The grotesque side of international politics

A peep out at international politics always throws at you distasteful human behaviour that defies ethics, rational thought and peaceful co-existence. It is a norm that one population suffers in order for another to flourish. In history, influential human beings and their directions have resulted in extreme distress for populations en masse, recent examples being that of George Bush and Osama Bin Laden; Prabhakaran and Rajapakse.

What is causing distress in Iran?

The UN sanctions on Iran, supported by the US and its EU allies, to discourage Iran’s nuclear energy programs have led to the alienation of the nation’s commercial freedom. The international banks have been asked to sever all contact with the Iranian banks which has prevented cross-national and continental trade activities. Amidst all the chaos surrounding oil exports and curbs on banking, one silent victim has been the pharmaceutical industry.
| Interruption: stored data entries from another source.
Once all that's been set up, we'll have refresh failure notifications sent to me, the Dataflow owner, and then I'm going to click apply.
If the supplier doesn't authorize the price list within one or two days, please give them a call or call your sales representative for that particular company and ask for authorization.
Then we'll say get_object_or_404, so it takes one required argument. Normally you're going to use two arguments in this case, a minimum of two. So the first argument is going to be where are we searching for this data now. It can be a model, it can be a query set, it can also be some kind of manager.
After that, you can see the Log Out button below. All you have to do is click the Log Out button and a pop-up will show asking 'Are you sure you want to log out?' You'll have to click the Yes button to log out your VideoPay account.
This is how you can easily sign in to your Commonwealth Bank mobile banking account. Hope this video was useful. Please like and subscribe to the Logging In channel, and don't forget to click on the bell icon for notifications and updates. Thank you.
Although the unilateral sanctions put in place by the United States and the European Union has exemptions for medicines and medical equipment, companies interested in selling such merchandise to Iran require a special license from the Treasury Department’s Office of Foreign Asset Control. However the reluctance of the banking organisations (American and European) to engage in transactions fearing backlash from the governments have discouraged the exporters to Iran.
 The healthcare problem

Iran has a well developed generic markets industry which produced most of the necessary drugs. However the innovative drugs which are used to treat advanced diseases are not available at this time in the market owing to the international trade alienation. The size of the Iranian market is USD 3.2 billion, of which USD 1.78 billion is generics, USD 1.13 billion is innovative drugs and USD 360 million is OTC. The market share by volume is relatively small for the innovative drugs but the higher prices have pushed up sales.  Iran has a healthcare system where 90% of the population has access to healthcare provided by the government and the employers. However the weakening economy due to the drop in international oil exports is beginning to show up on the dropping healthcare expenditure.
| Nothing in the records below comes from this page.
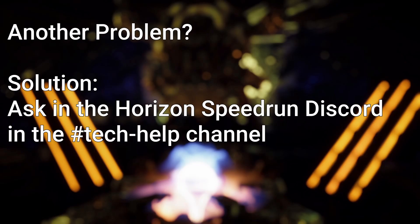If this still has not solved your problem, ask in the speedrunning discord in the tech help channel.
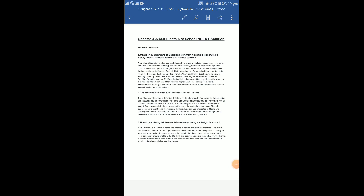Hello students, I hope you are all fine and in good health. In this audio presentation I will be discussing some of the textbook questions that you have, and these questions are mostly NCERT questions. So I have written at the top 'Albert Einstein at School NCERT Solutions' and then it is written 'Textbook Questions'.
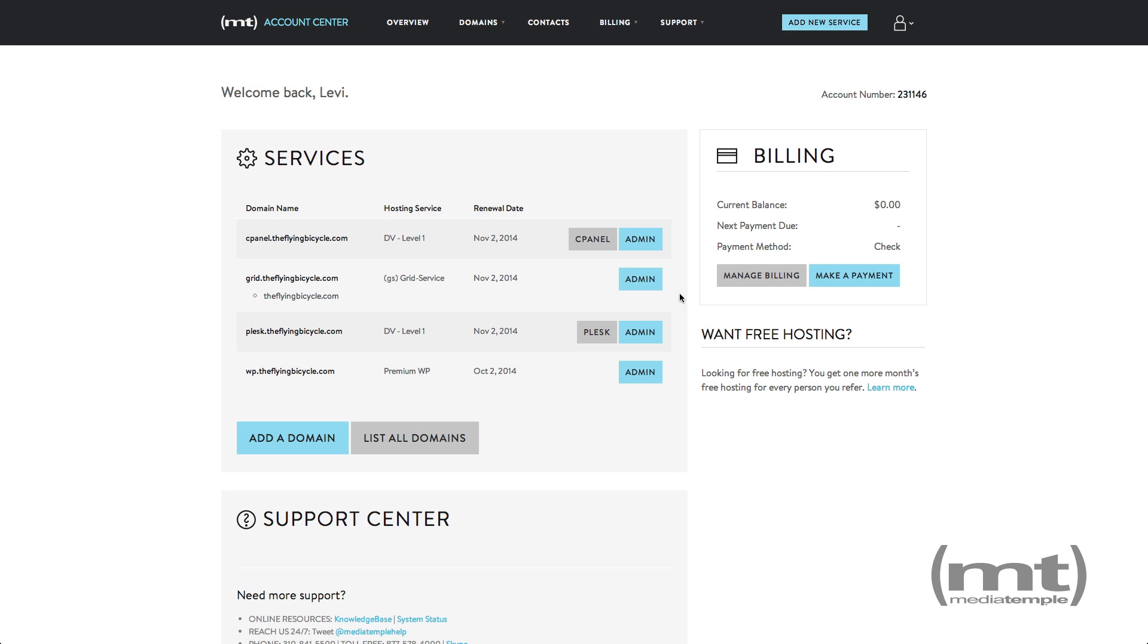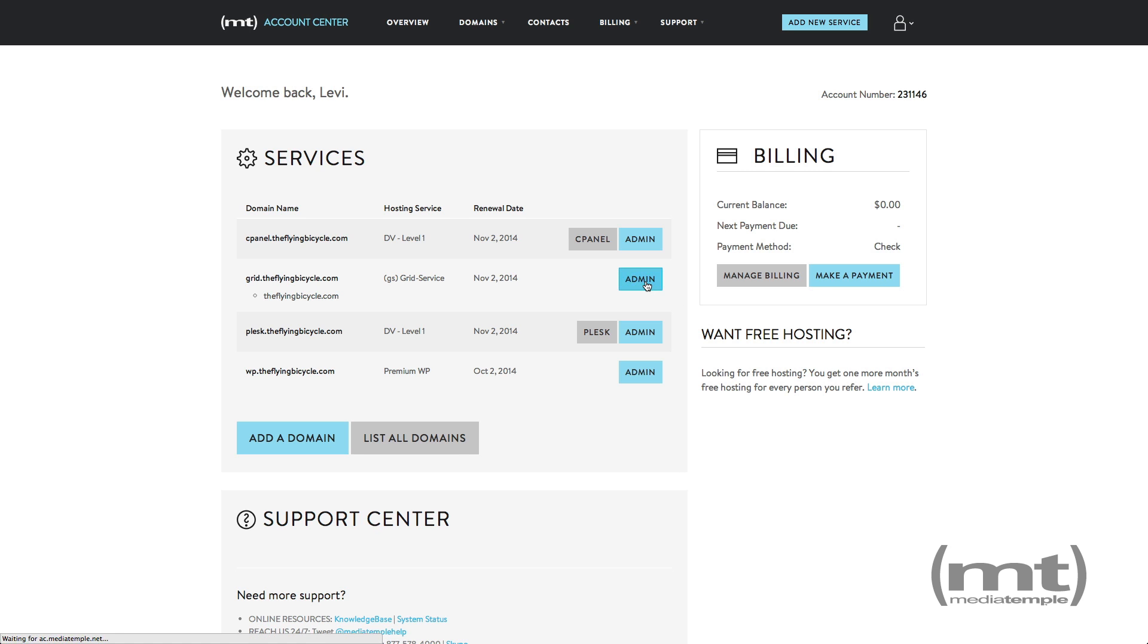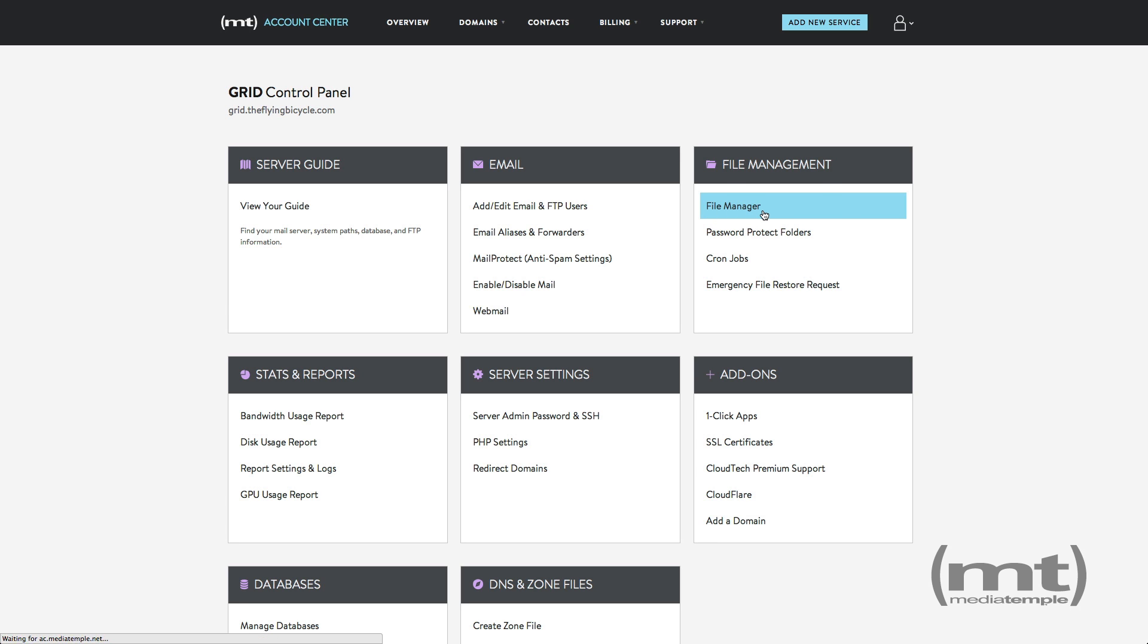Next, we're going to upload our PHP info file to our hosting service. For this example, we're going to use a grid. Click admin, then file manager, and then navigate to our HTML directory.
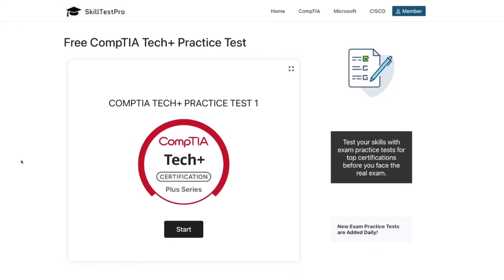So in this video, we're going to tackle another set of Tech Plus practice questions using SkillTest Pro. Let's get started and let's keep building that momentum.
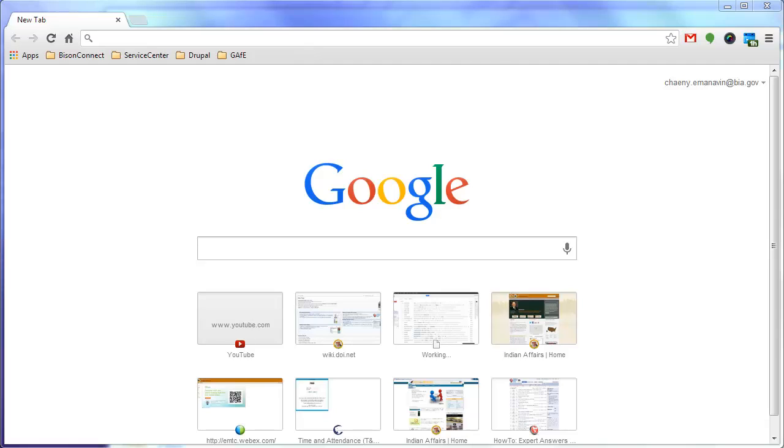So how do you get the Google Chrome browser to open certain tabs or how do you open different Google apps by default? There's a few different ways to do this inside of Chrome.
The suffering is chiefly borne by haemophiliacs, cancer patients (particularly leukaemia), heart diseases, lung problems, and multiple sclerosis. There are currently 37000 patients of multiple sclerosis in Iran and every year 40000 patients die of cancer. International health authorities suggest that a cancer tsunami is expected by 2015, due to its high incidence in the country.

Examples from the past

When trade sanctions happened to Iraq in the 90s, a study conducted by the Columbia school of public health, found that 225,000 children aged under five died in 8 years. This number is higher that the children killed in Hiroshima. However the US government thought that the choice was hard but the price was worth it to stabilise the Middle East.
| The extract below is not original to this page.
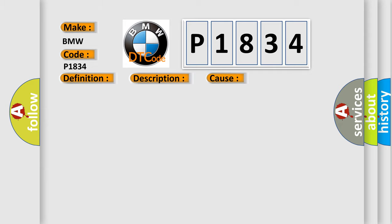This diagnostic error occurs most often in these cases: Pressure control solenoid circuit is shorting to ground; Pressure control solenoid circuit is open; Valve has failed; TCM has failed.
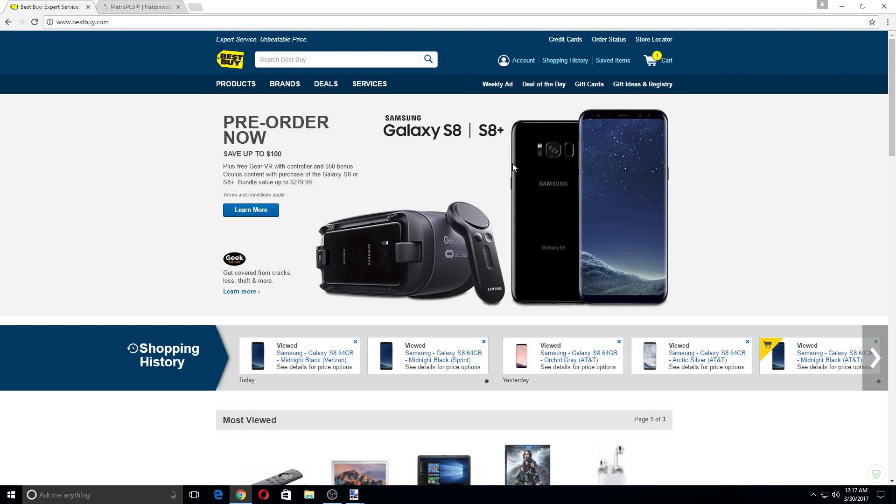But it will be available at MetroPCS, the Midnight Black color version for $729.99. Now T-Mobile is going to have both the S8 and S8 Plus at launch for $749 and $849, respectively.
What the Iranian leaders say?

The Iranian leaders, are holding on to the hardline position of Iran’s Revolutionary Guard and Supreme Leader Ayatollah Ali Khamenei, who has called for the development of a “resistance economy” in order to resist the pressure by the West. However there are dissenting voices both within Iran and in the Diaspora that wants the Iranian leadership to compromise with the West. The US can promote these voices if it offers to lift some of the economic sanctions in return of curbing the nuclear advancement. However the US has so far been un-yielding.

What lies ahead?

Iran may look at support from other willing nations for trade in pharmaceuticals. India is exploring the opportunity of drug exports to Iran despite pressure from the US in return of oil. Business will be carried out in rupee terms and not in dollar terms.

Few points to ponder here..

-      Would Iran violate the TRIPS norms and engage in compulsory licensing?
-      Would trade with India become a reality?